Aim of the task: Below are some records. Return exactly the lines from the one containing "PEOPLE - Kim" through the one containing "주말 한정 가격! sacai T셔츠", both included, and only those.

(Dataset items)

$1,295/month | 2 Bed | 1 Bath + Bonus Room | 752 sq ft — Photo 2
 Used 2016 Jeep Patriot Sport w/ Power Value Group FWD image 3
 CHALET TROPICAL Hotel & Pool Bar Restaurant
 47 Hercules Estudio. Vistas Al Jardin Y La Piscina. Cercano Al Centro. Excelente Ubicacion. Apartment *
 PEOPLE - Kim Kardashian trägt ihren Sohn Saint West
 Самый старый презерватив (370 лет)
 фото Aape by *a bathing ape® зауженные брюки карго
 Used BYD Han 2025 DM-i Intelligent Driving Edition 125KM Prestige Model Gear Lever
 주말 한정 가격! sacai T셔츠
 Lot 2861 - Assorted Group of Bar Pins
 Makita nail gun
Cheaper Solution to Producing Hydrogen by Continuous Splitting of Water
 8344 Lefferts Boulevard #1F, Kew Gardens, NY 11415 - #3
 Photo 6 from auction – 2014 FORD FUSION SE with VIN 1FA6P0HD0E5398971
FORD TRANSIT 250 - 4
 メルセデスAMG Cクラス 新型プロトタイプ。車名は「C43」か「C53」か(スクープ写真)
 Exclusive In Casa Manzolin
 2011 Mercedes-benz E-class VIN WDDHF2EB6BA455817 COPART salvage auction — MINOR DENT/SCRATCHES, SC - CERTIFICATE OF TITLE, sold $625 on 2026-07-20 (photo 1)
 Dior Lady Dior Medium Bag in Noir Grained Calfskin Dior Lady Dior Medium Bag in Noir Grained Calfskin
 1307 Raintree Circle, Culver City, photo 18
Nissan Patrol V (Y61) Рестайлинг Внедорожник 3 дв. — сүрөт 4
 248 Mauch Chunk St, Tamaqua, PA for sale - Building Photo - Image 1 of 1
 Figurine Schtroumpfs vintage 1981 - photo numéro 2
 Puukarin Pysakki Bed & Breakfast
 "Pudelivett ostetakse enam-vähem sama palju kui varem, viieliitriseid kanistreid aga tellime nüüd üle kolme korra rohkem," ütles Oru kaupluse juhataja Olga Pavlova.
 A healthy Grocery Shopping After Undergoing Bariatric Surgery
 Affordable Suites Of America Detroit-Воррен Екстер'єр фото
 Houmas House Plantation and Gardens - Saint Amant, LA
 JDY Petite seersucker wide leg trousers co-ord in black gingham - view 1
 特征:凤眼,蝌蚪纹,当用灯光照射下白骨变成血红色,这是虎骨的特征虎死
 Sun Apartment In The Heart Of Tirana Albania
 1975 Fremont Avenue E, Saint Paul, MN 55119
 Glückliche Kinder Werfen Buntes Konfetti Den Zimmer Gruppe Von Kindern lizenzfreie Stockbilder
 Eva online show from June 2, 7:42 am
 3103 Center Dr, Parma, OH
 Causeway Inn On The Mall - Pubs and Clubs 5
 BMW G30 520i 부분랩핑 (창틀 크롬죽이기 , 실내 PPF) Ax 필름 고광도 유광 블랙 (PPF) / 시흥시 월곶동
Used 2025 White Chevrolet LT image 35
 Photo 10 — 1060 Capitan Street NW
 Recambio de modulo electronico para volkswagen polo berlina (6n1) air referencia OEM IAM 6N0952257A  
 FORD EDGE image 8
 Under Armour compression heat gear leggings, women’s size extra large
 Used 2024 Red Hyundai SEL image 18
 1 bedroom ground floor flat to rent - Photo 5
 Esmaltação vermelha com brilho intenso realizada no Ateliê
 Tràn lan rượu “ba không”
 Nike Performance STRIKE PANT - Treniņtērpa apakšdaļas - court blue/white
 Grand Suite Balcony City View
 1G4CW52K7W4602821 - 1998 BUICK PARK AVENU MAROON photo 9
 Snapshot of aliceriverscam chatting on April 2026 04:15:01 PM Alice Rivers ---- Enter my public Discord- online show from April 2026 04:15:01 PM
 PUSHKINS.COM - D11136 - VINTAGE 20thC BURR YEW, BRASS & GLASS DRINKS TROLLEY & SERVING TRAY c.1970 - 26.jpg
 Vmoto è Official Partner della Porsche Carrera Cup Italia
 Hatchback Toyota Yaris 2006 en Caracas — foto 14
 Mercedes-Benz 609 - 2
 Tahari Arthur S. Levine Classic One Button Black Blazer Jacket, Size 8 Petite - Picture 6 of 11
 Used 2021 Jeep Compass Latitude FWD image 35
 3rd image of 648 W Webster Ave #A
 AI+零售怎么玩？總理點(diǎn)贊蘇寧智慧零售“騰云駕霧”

Result for this exercise:
 PEOPLE - Kim Kardashian trägt ihren Sohn Saint West
 Самый старый презерватив (370 лет)
 фото Aape by *a bathing ape® зауженные брюки карго
 Used BYD Han 2025 DM-i Intelligent Driving Edition 125KM Prestige Model Gear Lever
 주말 한정 가격! sacai T셔츠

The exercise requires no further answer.